* _What you will do_
Images are to be dropped, and the rest of the data reproduced exactly.

* _Given data_
[Start of section]
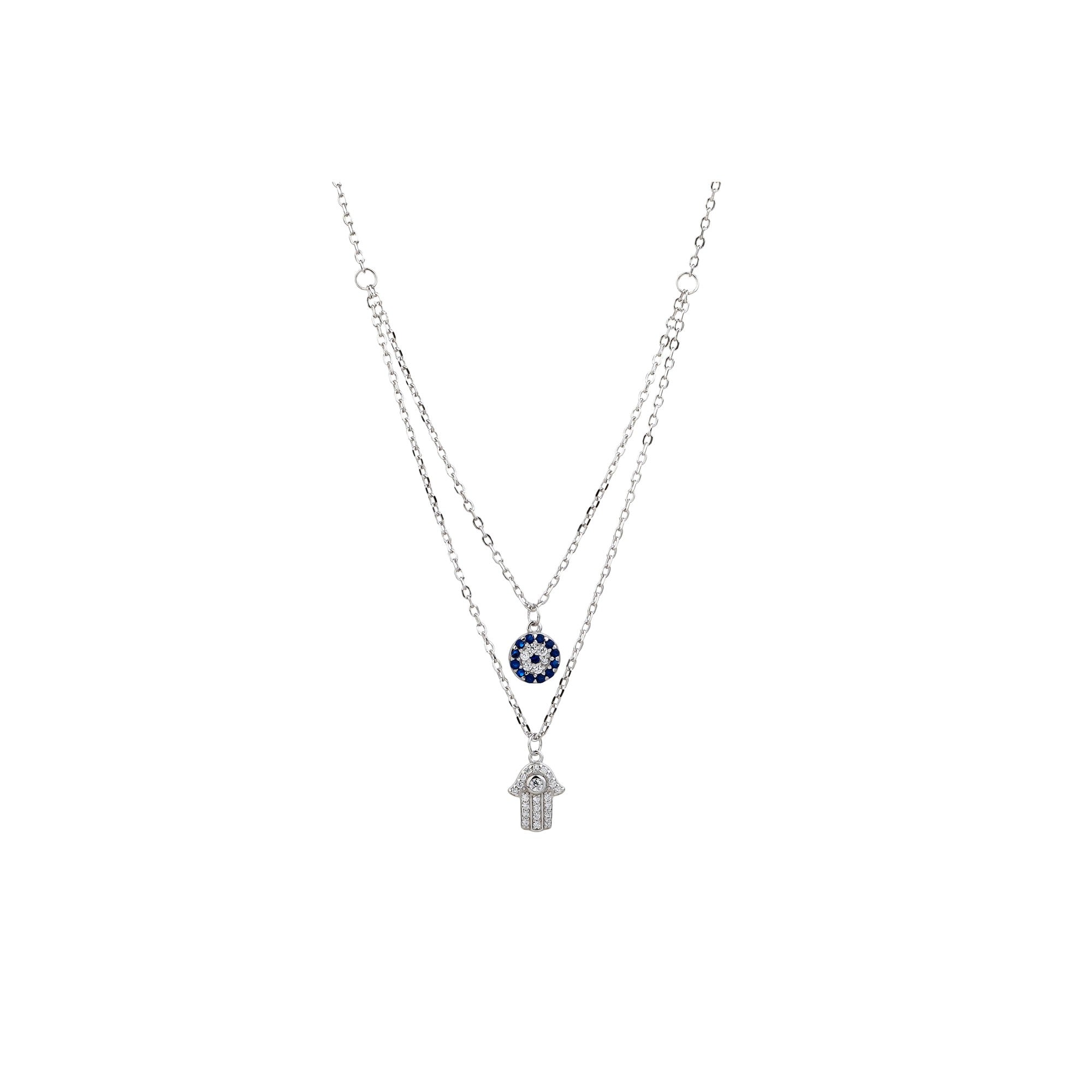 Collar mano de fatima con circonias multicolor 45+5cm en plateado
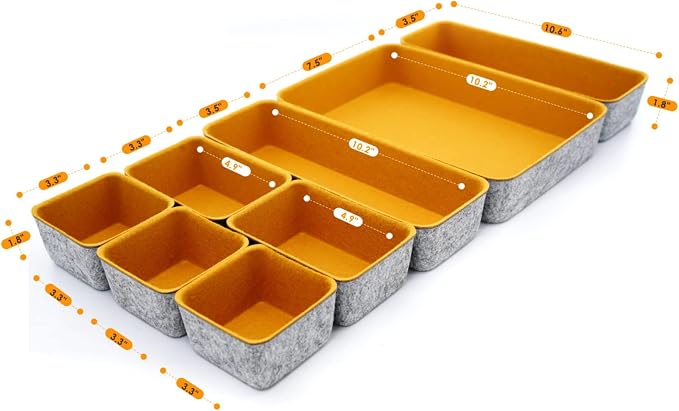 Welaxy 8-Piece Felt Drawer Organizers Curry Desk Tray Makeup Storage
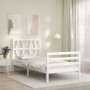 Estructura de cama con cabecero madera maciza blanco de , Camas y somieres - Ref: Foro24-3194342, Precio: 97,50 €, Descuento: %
[End of section]
* _Answer to the problem_
 Collar mano de fatima con circonias multicolor 45+5cm en plateado
 Welaxy 8-Piece Felt Drawer Organizers Curry Desk Tray Makeup Storage
 Estructura de cama con cabecero madera maciza blanco de , Camas y somieres - Ref: Foro24-3194342, Precio: 97,50 €, Descuento: %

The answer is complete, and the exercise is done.